Par un pourvoi sommaire et un mémoire complémentaire, enregistrés les 24 mars et 24 juin 2025 au secrétariat du contentieux du Conseil d'Etat, la société Les Halles demande au Conseil d'Etat :
1°) d'annuler cet arrêt ;
2°) de mettre à la charge de l'Etat la somme de 3 500 euros au titre de l'article L. 761-1 du code de justice administrative.
Vu les autres pièces du dossier ;
Vu :
- le code général des impôts et le livre des procédures fiscales ;
- le code de justice administrative ;
Après avoir entendu en séance publique :
- le rapport de M. Benoît Chatard, auditeur,
- les conclusions de Mme Céline Guibé, rapporteure publique ;
La parole ayant été donnée, après les conclusions, à la SCP Célice, Texidor, Perier, avocat de la société Les Halles ;
Considérant ce qui suit :
1. Il ressort des pièces du dossier soumis aux juges du fond que la SCI Les Halles, qui donne en location des locaux dont elle est propriétaire, situés dans le 1er arrondissement de Paris, a fait l'objet d'une vérification de comptabilité en matière de taxe sur la valeur ajoutée portant sur la période du 1er janvier 2015 au 31 octobre 2017 à l'issue de laquelle des rappels de taxe sur la valeur ajoutée assortis de la majoration de 100 % prévue à l'article 1732 du code général des impôts pour opposition à contrôle fiscal lui ont été réclamés. Par un jugement du 7 juillet 2023, le tribunal administratif de Paris a rejeté la demande de la société Les Halles tendant à la décharge de ces rappels et pénalités. Par un arrêt du 24 janvier 2025 dont la société Les Halles demande l'annulation, la cour administrative d'appel de Paris a rejeté l'appel qu'elle avait formé contre ce jugement.
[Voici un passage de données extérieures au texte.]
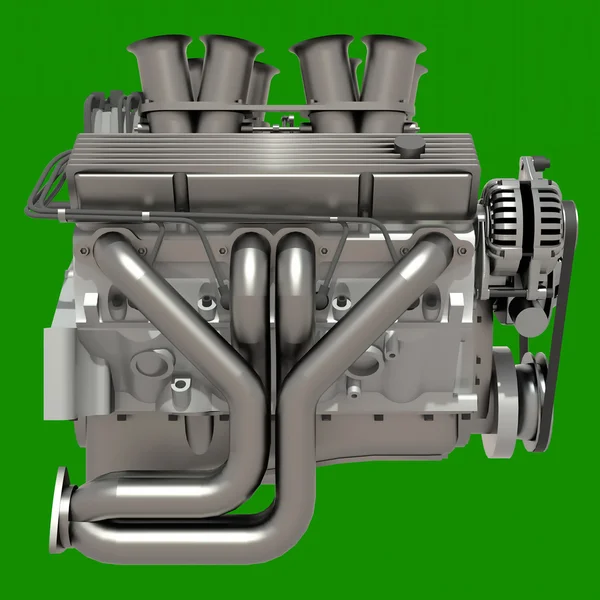 Car engine. Concept of modern car engine isolated on green background. — Stockfoto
2. Aux termes du premier alinéa de l'article L. 74 du livre des procédures fiscales : " Les bases d'imposition sont évaluées d'office lorsque le contrôle fiscal ne peut avoir lieu du fait du contribuable ou de tiers ". Aux termes de l'article 1732 du code général des impôts : " La mise en oeuvre de la procédure d'évaluation d'office prévue à l'article L. 74 du livre des procédures fiscales entraîne : / a. L'application d'une majoration de 100 % aux droits rappelés ou aux créances de nature fiscale qui doivent être restituées à l'Etat (...) ".
3. Pour juger que la société Les Halles avait, par son inertie, fait obstacle aux opérations de contrôle fiscal, ce qui justifiait la mise en oeuvre de la procédure d'évaluation d'office prévue à l'article L. 74 du livre des procédures fiscales et, par suite, la majoration prévue à l'article 1732 du code général des impôts, la cour administrative d'appel s'est notamment fondée sur ce que l'administration fiscale lui avait adressé, à son siège social situé rue de Miromesnil, un avis de vérification de comptabilité en date du 9 décembre 2017, un courrier du 4 janvier 2018, une première mise en garde pour opposition à contrôle fiscal du 26 janvier 2018 et un nouveau courrier du 19 février 2018, proposant à chaque fois une nouvelle date de rendez-vous, et que si chacun de ces plis adressés par courrier recommandé étaient revenus à l'administration fiscale avec la mention " avisé non réclamé ", une rencontre avait pu, à la suite de l'envoi par lettre simple d'une copie de la mise en garde du 26 janvier 2018, néanmoins être organisée, le 6 mars 2018, avec le représentant légal de la société, à laquelle celui-ci avait déclaré n'avoir pu se présenter en raison des mesures de sécurité qui lui auraient été opposées pour accéder aux locaux de l'administration. La cour en a déduit qu'après avoir vainement adressé à la société une seconde mise en garde avant mise en oeuvre de la procédure d'opposition à contrôle fiscal, avec fixation d'un dernier rendez-vous le 3 avril 2018, par un pli recommandé également retourné avec la mention " avisé non réclamé ", l'administration fiscale avait pu à bon droit constater l'opposition à contrôle fiscal et légalement recourir à la procédure d'évaluation d'office prévue à l'article L. 74 du livre des procédures fiscales.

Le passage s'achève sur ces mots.